Baca Juga: Tembus 350 Km Per Jam, Kereta Cepat Jakarta Bandung Ukir Rekor Laju Kecepatan Tertinggi di Indonesia

Evaluasi Perencanaan-Pelaksanaan KCJB

Di awal perencanaan KCJB, skema pembiayaan dari China sangat menggiurkan, terutama dalam aspek suku bunga pembiayaan yang lebih kecil daripada pembiayaan dari Jepang dan dari sisi waktu pelaksanaan yang dirancang lebih cepat. China juga terkesan lebih untung karena menjanjikan transfer knowledge dan teknologi.

Namun, pada kenyataaanya skema KCJB merugikan APBN Indonesia dalam tiga aspek:

Pertama, APBN makin berat memberikan layanan sosial karena alokasi penyertaan modal KCJB tersebut. Saat ini kondisi keuangan negara tidak sehat karena sepertiga APBN digunakan untuk membayar utang, sedangkan sepertiga lainnya untuk anggaran gaji PNS tahun 2023 naik 3,3 persen yang sebelumnya sudah mencapai Rp426,5 triliun atau sebesar 2,36 persen dari PDB. Sisanya, yaitu sepertiga sisa, dibagi antara program sosial dan program anggaran infrastruktur.

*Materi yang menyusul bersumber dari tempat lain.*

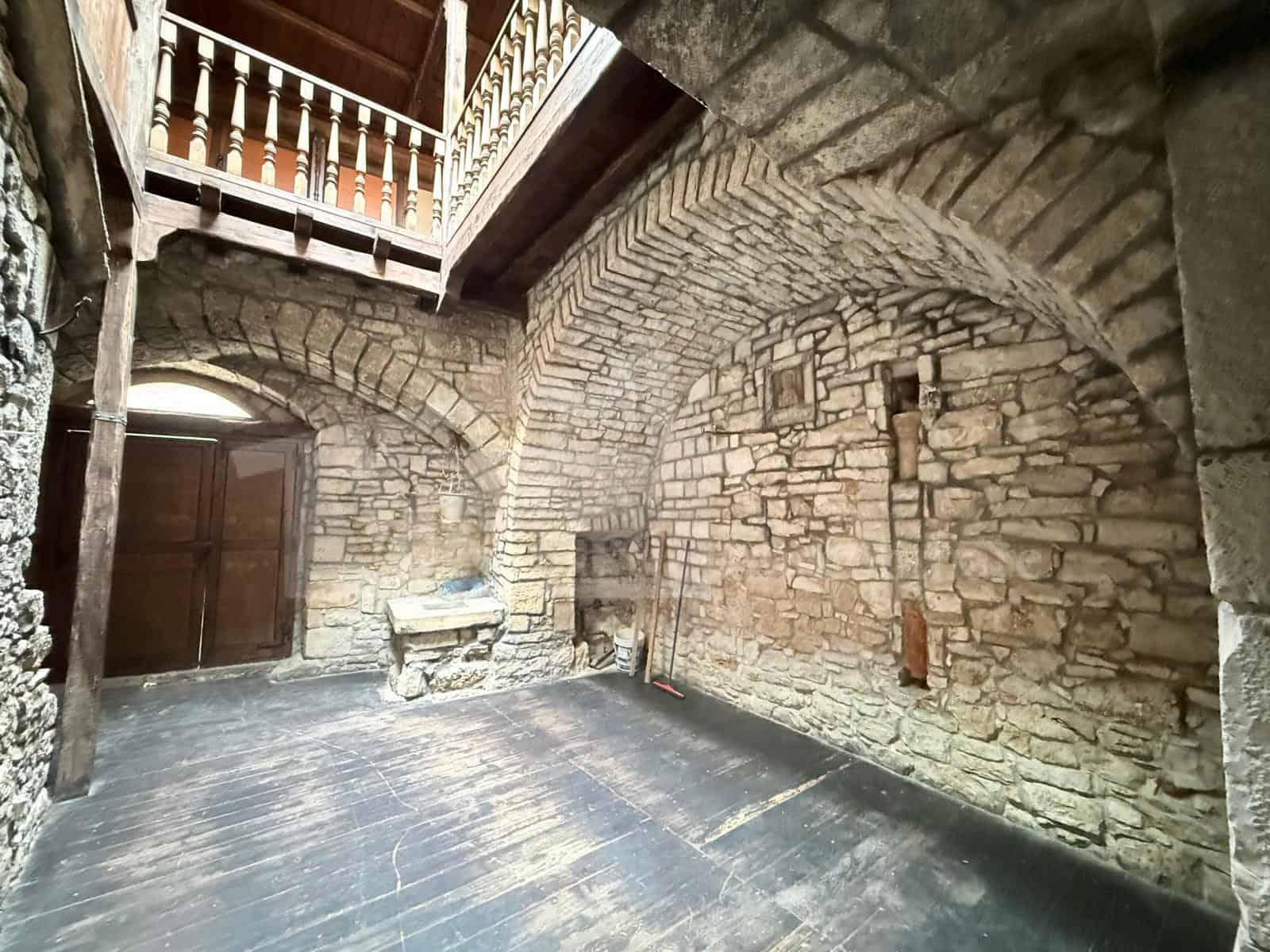 Storico locale commerciale con soppalco – vendita e locazione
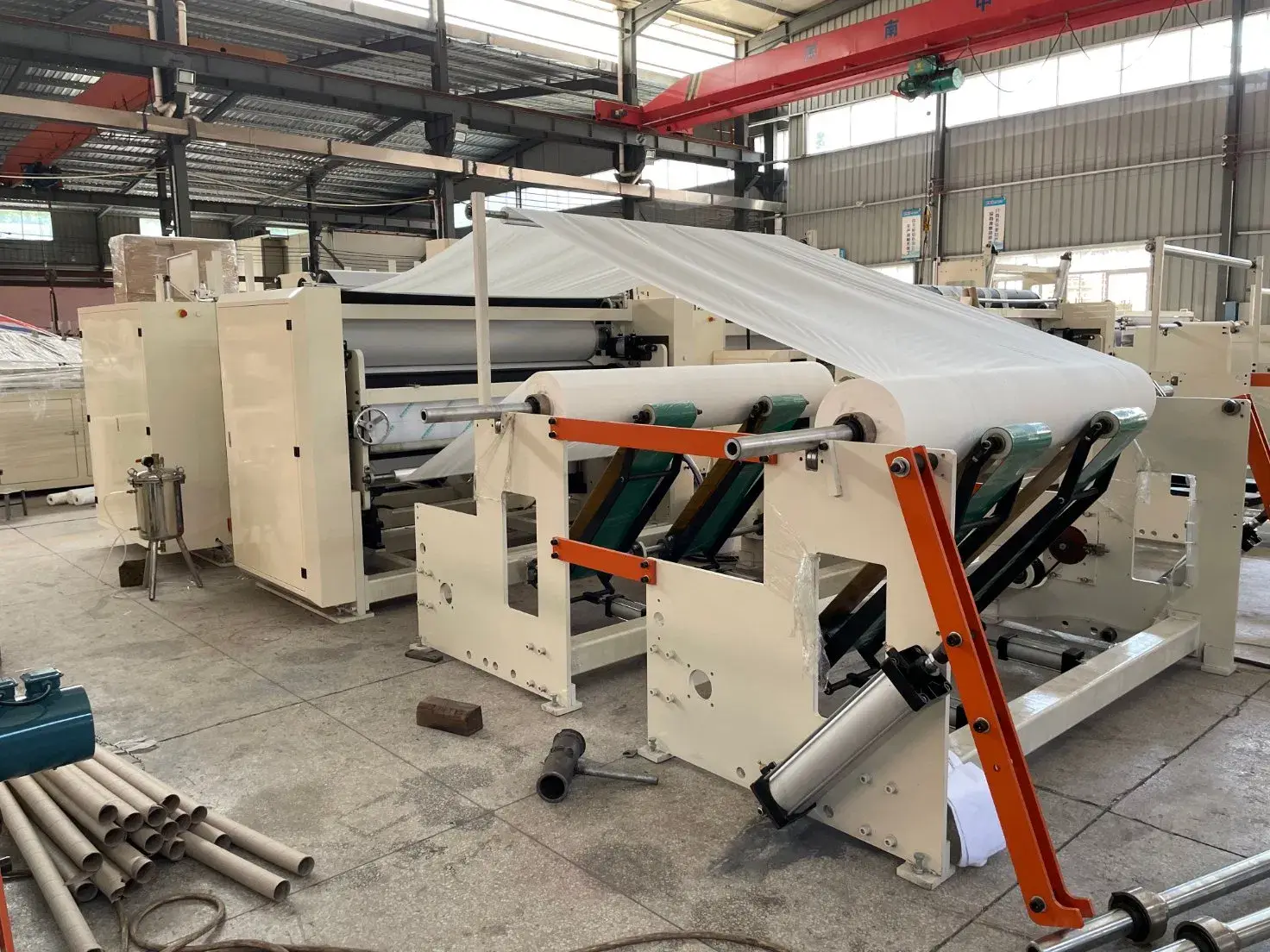 Thiết bị tự động sản xuất cuộn giấy lau tay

Apalagi pembayaran pokok utang pada tahun 2022 saja sudah mencapai Rp519,85 triliun, bunga utang sebesar Rp386,34 triliun, sehingga totalnya mencapai Rp906,19 triliun. Utang luar negeri ini diprakirakan akan terus meningkat setiap tahunnya menjadi hingga Rp1.041,4 triliun pada 2023. Sementara, pembangunan IKN pun menyedot anggaran yang sangat besar. APBN makin tidak logis memberikan layanan publik bila ada proyek lain seperti kereta api cepat Jakarta-Surabaya.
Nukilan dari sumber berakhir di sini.